Из вокзала тонко крикнули:
- Меня зовут Людвиг Штоканьский.
- Иди сюда, Людвиг Штоканьский.
- Он не может, ваше благородие, - сказал Иванов, - побойтесь бога, у него ж сердце останавливается, руки ледяные.
- Иди сюда, поляк! - повторил поручик.
- От зверь, а? - как-то удивленно, словно себе самому, сказал Иванов.
Поручик, словно бы не услыхав, предложил:
- Ну-ка, крещеный, скажи, чтоб Штоканьский добром пришел. Тогда тебя отпущу на все четыре стороны.
- Иванов я, Иванов... Не Каин, а Иванов. У меня рука не подымется на такое...
Родин снял перчатки с рук, поднял их, спросил:
- А у меня б поднялась?
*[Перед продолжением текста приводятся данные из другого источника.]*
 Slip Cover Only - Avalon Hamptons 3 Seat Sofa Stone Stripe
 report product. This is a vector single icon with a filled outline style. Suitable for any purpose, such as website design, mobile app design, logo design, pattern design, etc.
Какие у меня руки, православный?
- Красивые, - ответил Иванов, и Пилипченко заметил, как стал бледнеть слесарь, синюшне, спокойно, без надрыва или испуга.
- Барские?
- Уж не рабочие.
- Ладно, слесарь Иванов. Иди домой, скажи дружкам, чтоб от бунтов подальше были. Иди, Иванов, иди.
- Разве без суда можно, барин? Государь конституцию ведь пожаловал, высший закон...
"О чем это он? - не понял Пилипченко. - Чего суд поминает?"
- Иди, Иванов, - повторил Родин. - Или запорю насмерть. Иди.
- Прощайте, товарищи! Людвиг, напиши моим, как они меня убили! - крикнул Иванов жалобным, срывающимся голосом, повернулся, сунул руки в карманы легкой тужурки и пошел по перрону.
Родин достал наган, прицелился и выстрелил ему в спину - четыре раза подряд, а Иванов все шел и шел, не оглядывался, будто какой святой, от пуль заговоренный. Упал внезапно, словно почувствовав белый испуг на лице молоденького офицерика.
Родин спрятал наган в кобуру негнущимися, тряскими пальцами, крикнул солдатам:
- Каждого т а к о г о стрелять при попытке к бегству.
Когда козлы были с б и т ы, началась порка. Всем давали по пятьдесят шомполов. Били молча, раздев предварительно догола. Кровь капала на опилки, смешанные с песком. Тихо было: батальон карателей, выстроенный в каре, наблюдал экзекуцию внимательно, изучающе.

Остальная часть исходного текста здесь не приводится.